A mesa foi posta como parte do processo de trabalho que levaria, no ano seguinte, à sua
exposição na Kanaal Art Foundation em Kortrijk (Bélgica), com a curadoria de
Catherine de Zegher, onde várias mesas seriam distribuídas por um espaço bem maior,
na instalação intitulada Modelled Earth (ill.00). Por sua vez, uma parte disso iria ser
incluída na exposição de vanguarda de C. de Zegher: Inside the Visible, apresentada no
ICA em Boston e, no ano seguinte, no Whitechapel em Londres. Formas em argila
estavam dispostas sobre mesas ou amontoadas no chão. A regularidade dos arranjos
acentua a irregularidade das peças. A ordenação da grade abre-se nos aspectos
aleatórios das próprias figuras e dos intervalos pequenos e desiguais entre as mesmas.

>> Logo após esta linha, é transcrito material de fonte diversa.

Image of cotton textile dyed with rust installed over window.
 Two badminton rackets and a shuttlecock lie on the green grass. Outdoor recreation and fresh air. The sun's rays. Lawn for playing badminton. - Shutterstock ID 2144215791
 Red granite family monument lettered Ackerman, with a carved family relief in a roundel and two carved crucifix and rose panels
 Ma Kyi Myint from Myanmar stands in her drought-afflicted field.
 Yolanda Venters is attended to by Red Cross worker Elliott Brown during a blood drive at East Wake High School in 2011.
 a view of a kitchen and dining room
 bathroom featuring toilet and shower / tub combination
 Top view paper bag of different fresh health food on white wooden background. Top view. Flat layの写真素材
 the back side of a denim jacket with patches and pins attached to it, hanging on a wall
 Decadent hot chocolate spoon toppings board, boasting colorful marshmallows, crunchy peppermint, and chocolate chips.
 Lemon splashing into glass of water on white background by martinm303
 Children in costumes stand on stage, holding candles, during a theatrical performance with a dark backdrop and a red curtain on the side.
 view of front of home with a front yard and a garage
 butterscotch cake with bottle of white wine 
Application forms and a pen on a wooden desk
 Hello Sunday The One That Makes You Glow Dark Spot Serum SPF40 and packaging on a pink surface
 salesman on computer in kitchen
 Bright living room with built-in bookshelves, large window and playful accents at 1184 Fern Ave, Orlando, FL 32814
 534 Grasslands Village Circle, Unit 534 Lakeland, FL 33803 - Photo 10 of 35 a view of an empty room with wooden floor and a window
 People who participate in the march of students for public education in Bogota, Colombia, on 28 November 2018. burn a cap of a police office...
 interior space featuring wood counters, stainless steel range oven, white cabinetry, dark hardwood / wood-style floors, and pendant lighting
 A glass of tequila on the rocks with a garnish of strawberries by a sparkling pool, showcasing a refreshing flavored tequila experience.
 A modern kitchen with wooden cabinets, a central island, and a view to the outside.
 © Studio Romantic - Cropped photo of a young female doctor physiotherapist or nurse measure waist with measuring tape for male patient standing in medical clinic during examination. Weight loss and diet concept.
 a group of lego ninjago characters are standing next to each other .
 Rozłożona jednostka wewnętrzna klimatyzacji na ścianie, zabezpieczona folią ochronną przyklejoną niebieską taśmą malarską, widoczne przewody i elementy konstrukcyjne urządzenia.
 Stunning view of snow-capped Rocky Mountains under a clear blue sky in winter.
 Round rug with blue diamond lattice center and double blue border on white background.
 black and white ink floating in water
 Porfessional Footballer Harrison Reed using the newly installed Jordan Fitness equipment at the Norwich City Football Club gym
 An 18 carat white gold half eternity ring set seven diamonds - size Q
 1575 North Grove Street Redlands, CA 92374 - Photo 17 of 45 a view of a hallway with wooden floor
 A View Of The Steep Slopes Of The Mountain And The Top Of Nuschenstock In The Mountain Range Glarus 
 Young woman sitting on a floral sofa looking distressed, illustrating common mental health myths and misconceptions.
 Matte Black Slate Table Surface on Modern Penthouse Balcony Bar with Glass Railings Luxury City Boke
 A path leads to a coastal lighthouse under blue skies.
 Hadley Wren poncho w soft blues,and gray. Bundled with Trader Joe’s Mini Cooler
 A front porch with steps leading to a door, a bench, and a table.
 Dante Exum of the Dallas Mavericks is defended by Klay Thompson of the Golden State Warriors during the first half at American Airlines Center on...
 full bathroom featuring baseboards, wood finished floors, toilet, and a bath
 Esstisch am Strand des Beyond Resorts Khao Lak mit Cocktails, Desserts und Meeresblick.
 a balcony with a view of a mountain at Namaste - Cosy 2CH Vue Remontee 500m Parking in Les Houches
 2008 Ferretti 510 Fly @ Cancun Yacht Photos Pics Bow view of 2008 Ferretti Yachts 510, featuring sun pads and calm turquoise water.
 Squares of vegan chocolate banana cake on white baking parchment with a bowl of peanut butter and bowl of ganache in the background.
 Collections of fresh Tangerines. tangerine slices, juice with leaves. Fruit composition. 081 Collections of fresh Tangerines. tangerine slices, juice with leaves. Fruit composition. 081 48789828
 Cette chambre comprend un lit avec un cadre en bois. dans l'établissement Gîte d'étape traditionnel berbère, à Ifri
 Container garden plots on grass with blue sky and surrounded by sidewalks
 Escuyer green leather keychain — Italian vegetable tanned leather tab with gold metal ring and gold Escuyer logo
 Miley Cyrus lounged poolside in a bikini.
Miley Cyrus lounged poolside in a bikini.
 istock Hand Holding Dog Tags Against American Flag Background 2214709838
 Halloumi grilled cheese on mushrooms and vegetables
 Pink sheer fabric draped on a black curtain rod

Ainda que muito maiores e mais complexas, as instalações expandem o caráter
improvisacional daquela primeira mesa do estúdio, que também poderia ser uma
superfície improvisada onde as peças eram deixadas secar, de certo modo temporárias
e no limbo, antes que objetos artísticos singulares e completos prontos para a exibição.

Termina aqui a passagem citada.